By Jim Pearce, Investing Daily, Wednesday, May 6

Last summer, I explained why “I have a Bone to Pick with Wingstop.” At that time, the restaurant chain that specializes in selling chicken wings to young adults was trading above $360 a share after jumping 20 percent when it released its fiscal 2025 Q2 results.

I said then, “I’m surprised Wall Street reacted as positively as it did to that news. True, the company did exceed its guidance for adjusted earnings per diluted share. However, its net income per diluted share fell by 2.6 percent at the same time.”

I further opined, “Presumably, Wall Street believes that Wingstop will be able to improve its same store sales once it slows down the rate at which it is opening new locations. That is why the stock is currently valued at nearly 50 times trailing earnings compared to a multiple of roughly half that for the S&P 500 Index.”

I closed that article by warning that Wingstop (NSDQ: WING) could suffer a similar fate as Chipotle (NYSE: CMG), which tanked a few weeks earlier after failing to live up Wall Street’s high expectations: “I have a bad feeling that something similar may happen to Wingstop when it releases its Q3 results in three months.”

Margin Pressure

That day (August 7), WING closed around $330. By the time the company released its Q3 results on November 4, it was below $240. That works out to a decline of 27 percent.

It gets worse. After releasing its fiscal 2026 Q1 results last week, its share price dropped below $170. In just nine months, WING was down nearly 50 percent.

Of course, the company’s management team tried to put a positive spin on those results by emphasizing its 5.9 percent year-over-year increase in system-wide sales. However, it acknowledged that the gain was attributable to the 97 new store openings during the quarter.

During the first quarter, “domestic same store sales decreased 8.7 percent vs. Q1 2025.” In other words, the company was opening new stores at a faster pace than sales from its existing stores were slowing down.

To add insult to injury, Wingstop’s financial outlook for this year wasn’t much better. It includes a “low-single digit decline in domestic same store sales growth,” which will put further pressure on the company’s operating margin.

Fuel for Thought

The reason I bring this up is that I believe there are many companies in the same precarious position now that Wingstop was in then. Despite rising fuel prices due to the war in Iran, Wall Street is bidding up stocks to record highs.

That is precisely the issue that Wingstop’s CEO, Michael Skipworth, identified as the culprit for the company’s declining same store sales: “Rapidly rising gas prices stressed the balance sheet of the lower-income consumer that our business over-indexes to.”

The implications of that statement go far beyond Wingstop. There are many businesses that cater to the same demographic, which consists primarily of the “working poor” that live paycheck to paycheck.
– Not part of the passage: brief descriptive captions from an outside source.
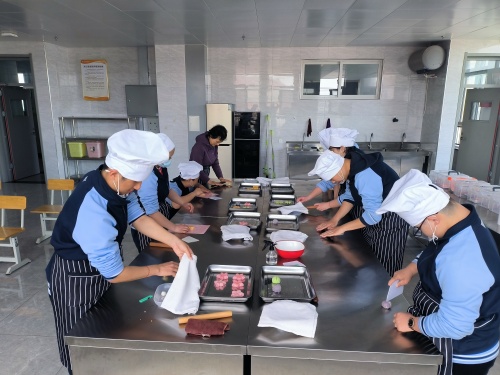 制作酥點(diǎn)照片_副本.jpg 制作酥點(diǎn)照片_副本.jpg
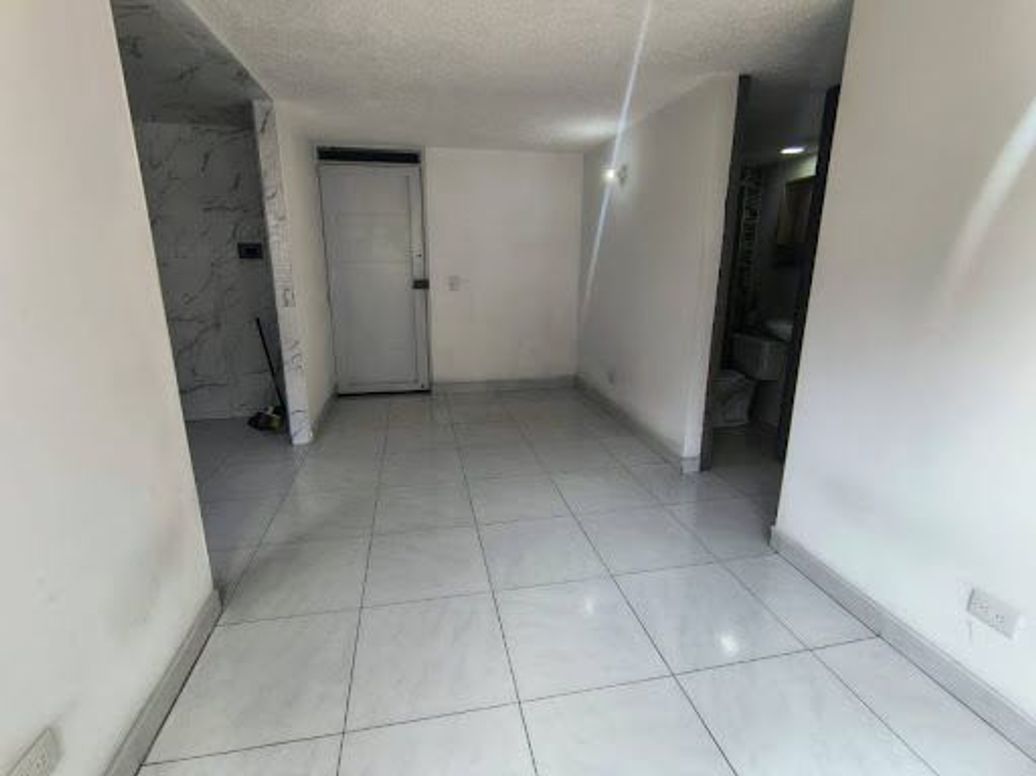 Apartamento de 3 alcobas en arriendo en Fontibón, Bogotá, 50 m² · foto 4 de 17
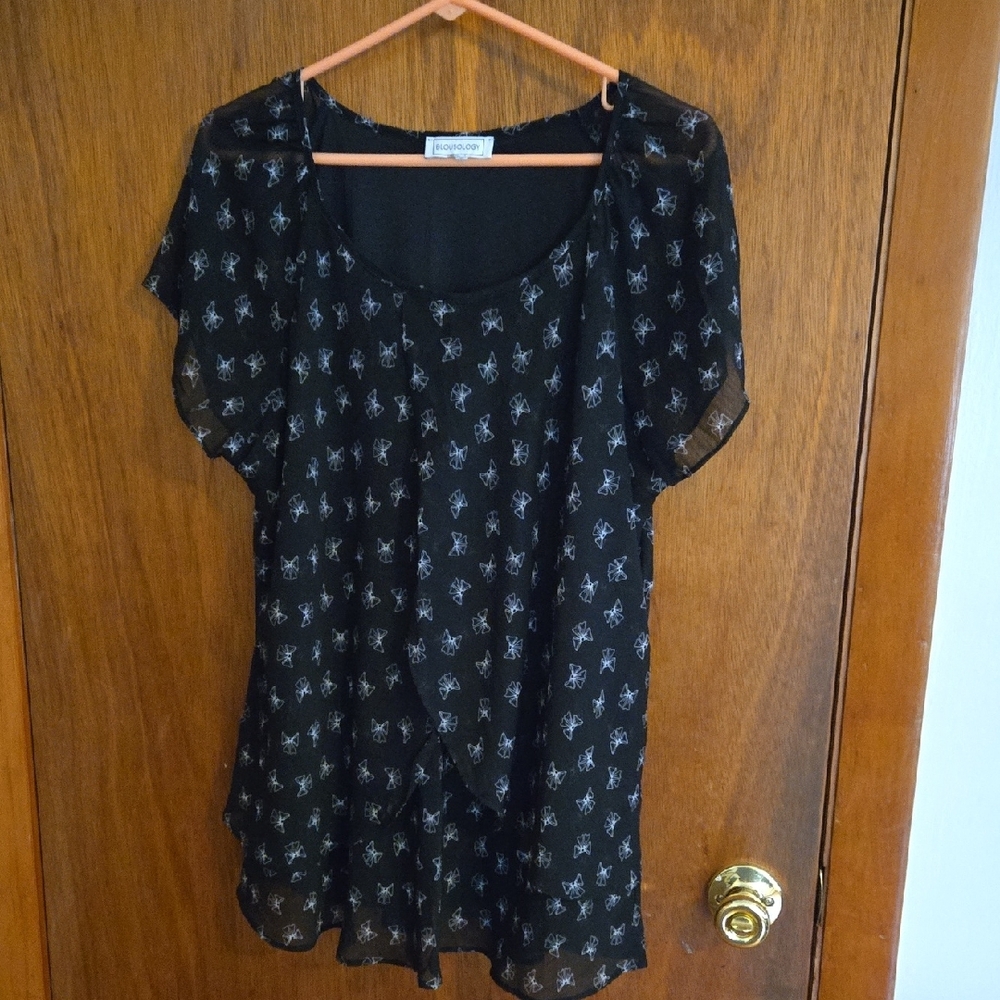 Black and White Flutter Sleeve Ruffled Blouse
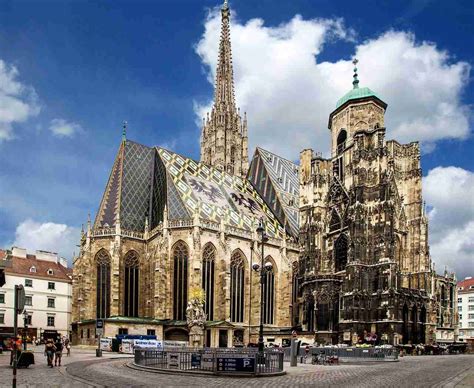 St. Stephen’s Cathedral, Best Places to Visit in Vienna - GoVisity.com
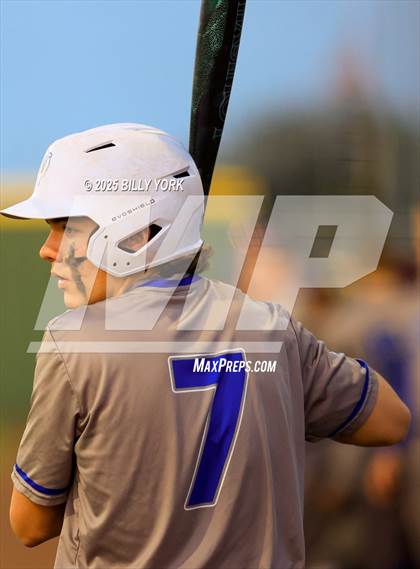 Thumbnail 1 in Grand Saline vs Quitman photogallery.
One of them is deep discount retailer Dollar General (NYSE: DG), which closed above $155 the day before the war in Iran began. Last week, it fell below $114 to give back all its gain over the past five months.

The list goes on. What it suggests is that we are now in a two-tier stock market, with the dividing line being household disposable income.
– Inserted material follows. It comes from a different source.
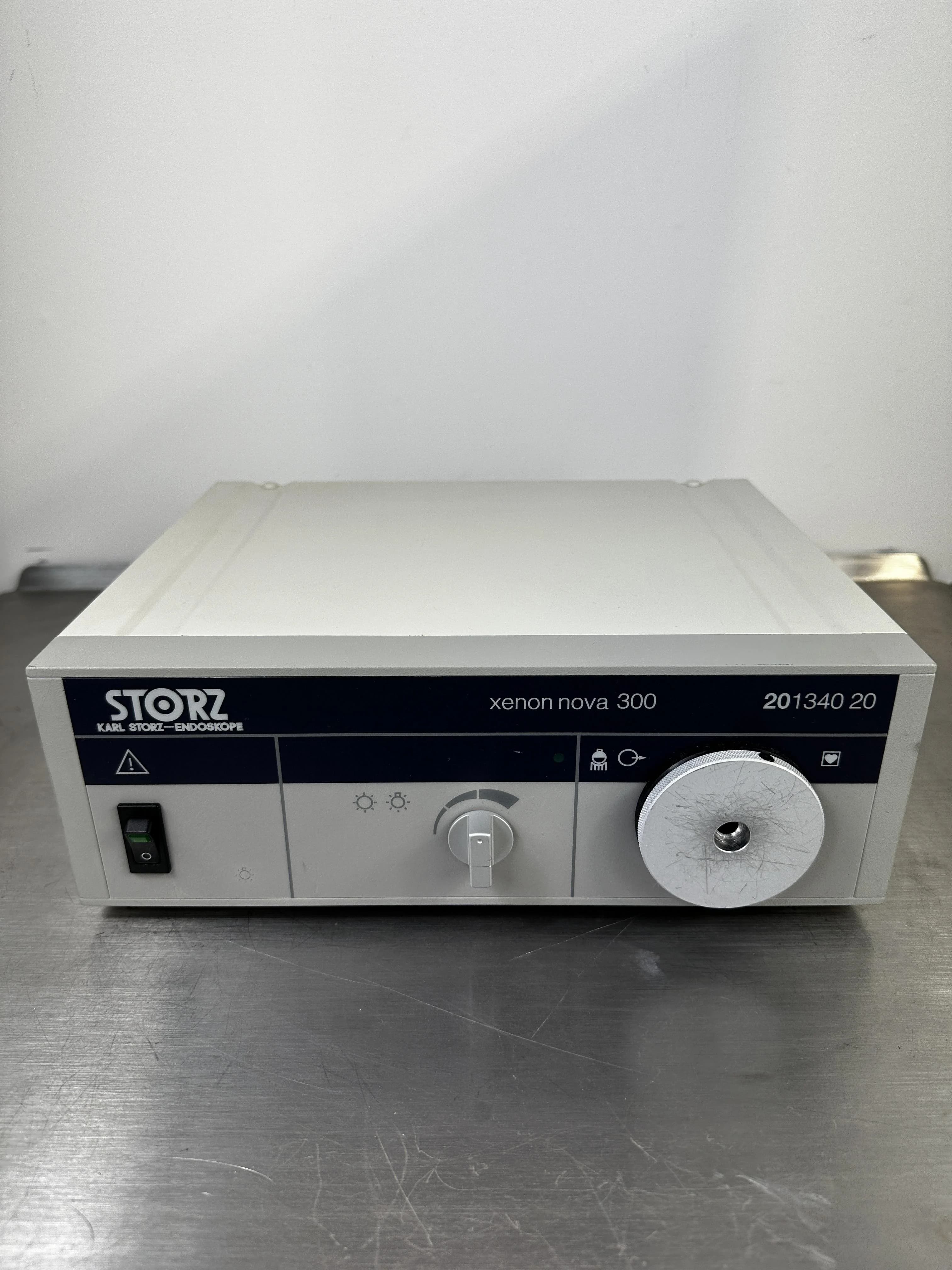 KARL STORZ xenon nova 300 201340 20 Endoscope light source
Businesses that sell to high income consumers can withstand higher gasoline and energy prices than those with a less prosperous customer base. That is why Wingstop is now targeting higher income consumers in its ads, which it defines as households with at least $50,000 of annual income.

Hopefully, the Strait of Hormuz will soon reopen, thereby driving down gasoline prices as the global oil supply is replenished. But until that happens, companies that rely on working class Americans for most of their revenue will be hard pressed to increase sales.